SECTION 7.03 Survival of Agreement. All covenants, agreements, representations and warranties made by the Loan Parties in the Loan Documents and in the certificates or other instruments prepared or delivered in connection with or pursuant to this Agreement or any other Loan Document shall be considered to have been relied upon by the Lenders and shall survive the execution and delivery of the Loan Documents and the making of any Loans, regardless of any investigation made by any Lender on their behalf and notwithstanding that the Collateral Agent or any Lender may have had notice or knowledge of any Default or incorrect representation or warranty at the time any credit is extended under the Credit Agreement, and shall continue in full force and effect as long as the principal of or any accrued interest on any Loan or any fee or any other amount payable under any Loan Document is outstanding and unpaid and so long as the Commitments have not expired or terminated.

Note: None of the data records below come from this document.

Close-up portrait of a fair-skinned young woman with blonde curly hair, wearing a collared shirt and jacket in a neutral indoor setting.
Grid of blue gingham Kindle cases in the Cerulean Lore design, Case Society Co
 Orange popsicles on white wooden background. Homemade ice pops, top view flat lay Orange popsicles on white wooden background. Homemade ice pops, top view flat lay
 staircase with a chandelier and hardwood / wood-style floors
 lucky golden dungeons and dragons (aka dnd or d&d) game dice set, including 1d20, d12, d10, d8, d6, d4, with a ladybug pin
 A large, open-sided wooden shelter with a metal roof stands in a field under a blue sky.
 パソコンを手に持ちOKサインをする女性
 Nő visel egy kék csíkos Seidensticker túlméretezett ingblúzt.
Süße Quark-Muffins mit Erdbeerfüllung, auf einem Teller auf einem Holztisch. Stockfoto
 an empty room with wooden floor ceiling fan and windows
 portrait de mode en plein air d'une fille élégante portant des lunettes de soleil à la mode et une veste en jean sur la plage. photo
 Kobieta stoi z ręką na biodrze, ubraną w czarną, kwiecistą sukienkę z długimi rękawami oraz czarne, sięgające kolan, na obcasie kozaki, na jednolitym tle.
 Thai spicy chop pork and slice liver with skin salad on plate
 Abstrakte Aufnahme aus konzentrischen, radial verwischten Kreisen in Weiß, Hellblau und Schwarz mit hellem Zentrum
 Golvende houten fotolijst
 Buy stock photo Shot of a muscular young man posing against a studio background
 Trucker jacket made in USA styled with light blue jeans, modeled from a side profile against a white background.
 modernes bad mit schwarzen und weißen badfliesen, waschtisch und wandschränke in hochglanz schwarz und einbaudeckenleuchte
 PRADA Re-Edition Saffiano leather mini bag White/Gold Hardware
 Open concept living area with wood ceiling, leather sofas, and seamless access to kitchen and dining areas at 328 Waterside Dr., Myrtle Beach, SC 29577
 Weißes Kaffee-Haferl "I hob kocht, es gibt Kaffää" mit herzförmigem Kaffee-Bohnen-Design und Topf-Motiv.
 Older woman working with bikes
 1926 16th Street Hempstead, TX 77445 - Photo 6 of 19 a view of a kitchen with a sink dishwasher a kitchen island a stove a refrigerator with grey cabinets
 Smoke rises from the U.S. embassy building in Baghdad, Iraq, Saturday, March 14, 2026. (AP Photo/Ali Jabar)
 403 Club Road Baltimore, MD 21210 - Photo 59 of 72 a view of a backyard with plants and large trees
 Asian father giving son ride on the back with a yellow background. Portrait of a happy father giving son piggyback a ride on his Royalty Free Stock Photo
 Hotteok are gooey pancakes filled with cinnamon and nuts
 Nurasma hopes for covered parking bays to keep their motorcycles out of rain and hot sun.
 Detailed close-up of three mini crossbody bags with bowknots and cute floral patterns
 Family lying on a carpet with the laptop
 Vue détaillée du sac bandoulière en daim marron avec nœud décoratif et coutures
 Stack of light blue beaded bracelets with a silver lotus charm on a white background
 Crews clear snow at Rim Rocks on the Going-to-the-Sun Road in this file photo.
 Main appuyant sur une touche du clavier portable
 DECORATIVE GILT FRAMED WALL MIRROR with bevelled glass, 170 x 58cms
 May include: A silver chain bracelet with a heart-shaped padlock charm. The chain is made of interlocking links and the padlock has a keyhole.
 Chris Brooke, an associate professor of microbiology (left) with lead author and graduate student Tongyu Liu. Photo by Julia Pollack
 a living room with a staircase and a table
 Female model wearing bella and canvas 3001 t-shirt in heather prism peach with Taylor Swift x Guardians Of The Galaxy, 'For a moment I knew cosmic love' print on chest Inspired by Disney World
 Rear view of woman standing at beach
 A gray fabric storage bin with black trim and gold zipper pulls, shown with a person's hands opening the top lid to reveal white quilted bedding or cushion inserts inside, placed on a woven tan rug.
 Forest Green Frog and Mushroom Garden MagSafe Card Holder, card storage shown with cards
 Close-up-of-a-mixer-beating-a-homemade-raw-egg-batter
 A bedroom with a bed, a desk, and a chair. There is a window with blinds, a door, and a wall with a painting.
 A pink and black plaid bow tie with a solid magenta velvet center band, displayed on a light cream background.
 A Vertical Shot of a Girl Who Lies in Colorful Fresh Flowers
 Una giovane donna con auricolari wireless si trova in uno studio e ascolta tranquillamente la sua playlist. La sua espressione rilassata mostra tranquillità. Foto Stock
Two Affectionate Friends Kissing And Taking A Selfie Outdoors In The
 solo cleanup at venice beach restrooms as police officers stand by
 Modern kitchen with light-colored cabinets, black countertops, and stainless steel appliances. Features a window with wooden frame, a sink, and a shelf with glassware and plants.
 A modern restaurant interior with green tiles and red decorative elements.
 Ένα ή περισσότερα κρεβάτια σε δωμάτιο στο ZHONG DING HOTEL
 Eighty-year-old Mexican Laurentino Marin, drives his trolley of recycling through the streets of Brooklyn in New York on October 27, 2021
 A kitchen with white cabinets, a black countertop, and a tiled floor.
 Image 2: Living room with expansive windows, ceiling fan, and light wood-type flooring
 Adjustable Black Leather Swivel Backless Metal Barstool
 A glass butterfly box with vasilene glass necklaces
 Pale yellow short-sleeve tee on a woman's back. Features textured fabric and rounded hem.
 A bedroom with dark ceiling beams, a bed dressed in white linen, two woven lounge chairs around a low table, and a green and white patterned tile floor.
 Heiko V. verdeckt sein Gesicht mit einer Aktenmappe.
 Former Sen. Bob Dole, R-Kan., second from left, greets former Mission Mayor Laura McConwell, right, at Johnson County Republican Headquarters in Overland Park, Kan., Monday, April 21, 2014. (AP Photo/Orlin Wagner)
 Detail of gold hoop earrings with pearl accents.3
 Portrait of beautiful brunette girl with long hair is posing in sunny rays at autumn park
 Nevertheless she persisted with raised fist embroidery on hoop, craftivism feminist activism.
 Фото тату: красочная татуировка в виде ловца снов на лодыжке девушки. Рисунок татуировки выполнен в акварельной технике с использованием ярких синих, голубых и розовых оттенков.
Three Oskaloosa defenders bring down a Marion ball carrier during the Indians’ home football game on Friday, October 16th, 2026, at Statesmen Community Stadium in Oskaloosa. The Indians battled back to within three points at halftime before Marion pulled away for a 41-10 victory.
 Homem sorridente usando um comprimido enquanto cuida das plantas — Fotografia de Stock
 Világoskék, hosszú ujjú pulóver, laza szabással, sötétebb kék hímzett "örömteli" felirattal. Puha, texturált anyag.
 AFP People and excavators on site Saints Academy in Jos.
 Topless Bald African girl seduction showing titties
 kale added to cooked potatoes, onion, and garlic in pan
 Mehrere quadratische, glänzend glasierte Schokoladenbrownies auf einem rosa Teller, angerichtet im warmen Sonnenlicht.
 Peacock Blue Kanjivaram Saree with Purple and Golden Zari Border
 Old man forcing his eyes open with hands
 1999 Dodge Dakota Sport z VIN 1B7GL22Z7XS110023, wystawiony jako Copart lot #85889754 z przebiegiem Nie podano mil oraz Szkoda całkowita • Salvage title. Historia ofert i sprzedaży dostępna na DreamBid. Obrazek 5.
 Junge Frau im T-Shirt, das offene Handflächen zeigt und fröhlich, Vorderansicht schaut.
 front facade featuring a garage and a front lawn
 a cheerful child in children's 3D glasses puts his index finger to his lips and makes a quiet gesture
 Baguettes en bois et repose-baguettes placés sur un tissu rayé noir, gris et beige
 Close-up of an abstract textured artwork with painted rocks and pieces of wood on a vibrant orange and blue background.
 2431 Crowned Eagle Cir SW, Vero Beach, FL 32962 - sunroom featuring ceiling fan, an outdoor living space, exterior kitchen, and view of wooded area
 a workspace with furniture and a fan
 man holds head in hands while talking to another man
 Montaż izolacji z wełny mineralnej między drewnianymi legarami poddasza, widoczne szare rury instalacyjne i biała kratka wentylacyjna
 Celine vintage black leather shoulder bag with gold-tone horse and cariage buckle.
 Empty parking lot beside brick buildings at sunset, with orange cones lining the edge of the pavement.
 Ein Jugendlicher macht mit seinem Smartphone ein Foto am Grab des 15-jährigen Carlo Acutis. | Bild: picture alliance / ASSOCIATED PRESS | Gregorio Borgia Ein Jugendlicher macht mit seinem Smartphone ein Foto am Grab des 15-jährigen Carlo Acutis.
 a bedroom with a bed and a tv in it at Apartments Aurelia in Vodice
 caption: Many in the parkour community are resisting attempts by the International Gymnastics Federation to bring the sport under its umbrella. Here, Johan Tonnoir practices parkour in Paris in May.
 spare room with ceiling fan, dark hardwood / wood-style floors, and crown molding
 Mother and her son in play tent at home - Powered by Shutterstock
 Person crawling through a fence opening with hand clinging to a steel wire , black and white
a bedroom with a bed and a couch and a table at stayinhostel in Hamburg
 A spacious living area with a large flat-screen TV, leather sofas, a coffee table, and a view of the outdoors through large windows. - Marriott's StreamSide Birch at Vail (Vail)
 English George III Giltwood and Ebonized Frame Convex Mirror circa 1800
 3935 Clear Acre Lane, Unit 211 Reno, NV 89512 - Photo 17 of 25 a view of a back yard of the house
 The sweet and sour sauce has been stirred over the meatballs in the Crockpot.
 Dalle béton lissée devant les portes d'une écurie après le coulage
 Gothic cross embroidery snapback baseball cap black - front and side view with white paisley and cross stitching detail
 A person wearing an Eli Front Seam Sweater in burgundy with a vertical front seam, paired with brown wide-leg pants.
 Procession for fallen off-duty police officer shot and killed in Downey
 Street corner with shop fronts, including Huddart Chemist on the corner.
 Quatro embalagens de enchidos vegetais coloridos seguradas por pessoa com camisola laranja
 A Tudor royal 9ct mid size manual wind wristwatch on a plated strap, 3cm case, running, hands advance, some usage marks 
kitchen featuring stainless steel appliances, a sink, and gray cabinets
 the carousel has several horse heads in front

SECTION 7.04 Binding Effect; Several Agreement. This Agreement shall become effective as to any Loan Party when a counterpart hereof executed on behalf of such Loan Party shall have been delivered to the Collateral Agent and a counterpart hereof shall have been executed on behalf of the Collateral Agent, and thereafter shall be binding upon such Loan Party and the Collateral Agent and their respective permitted successors and assigns, and shall inure to the benefit of such Loan Party, the Collateral Agent and the other Secured Parties and their respective successors and assigns, except that no Loan Party shall have the right to assign or transfer its rights or obligations hereunder or any interest herein or in the Collateral (and any such assignment or transfer shall be void) except as expressly contemplated or permitted by this Agreement or the Credit Agreement. This Agreement shall be construed as a separate agreement with respect to each Loan Party and may be amended, modified, supplemented, waived or released with respect to any Loan Party without the approval of any other Loan Party and without affecting the obligations of any other Loan Party hereunder.
SECTION 7.05 Successors and Assigns. Whenever in this Agreement any of the parties hereto is referred to, such reference shall be deemed to include the permitted successors and assigns of such party; and all covenants, promises and agreements by or on behalf of any Grantor or the Collateral Agent that are contained in this Agreement shall bind and inure to the benefit of their respective successors and assigns.
SECTION 7.06 Collateral Agent’s Fees and Expenses; Indemnification. (a) The parties hereto agree that the Collateral Agent shall be entitled to reimbursement of its expenses and indemnification rights incurred hereunder as provided in Section 9.05 of the Credit Agreement.
(b) Any such amounts payable as provided hereunder shall be additional Obligations secured hereby and by the other Security Documents. The provisions of this Section 7.06 shall remain operative and in full force and effect regardless of the termination of this Agreement or any other Loan Document, the consummation of the transactions contemplated hereby, the repayment of any of the Obligations, the invalidity or unenforceability of any term or provision of this Agreement or any other Loan Document, or any investigation made by or on behalf of the Collateral Agent or any other Secured Party. All amounts due under this Section 7.06 shall be payable on written demand therefor and shall bear interest, on and from the date of demand, at the rate specified in Section 2.06(a) of the Credit Agreement.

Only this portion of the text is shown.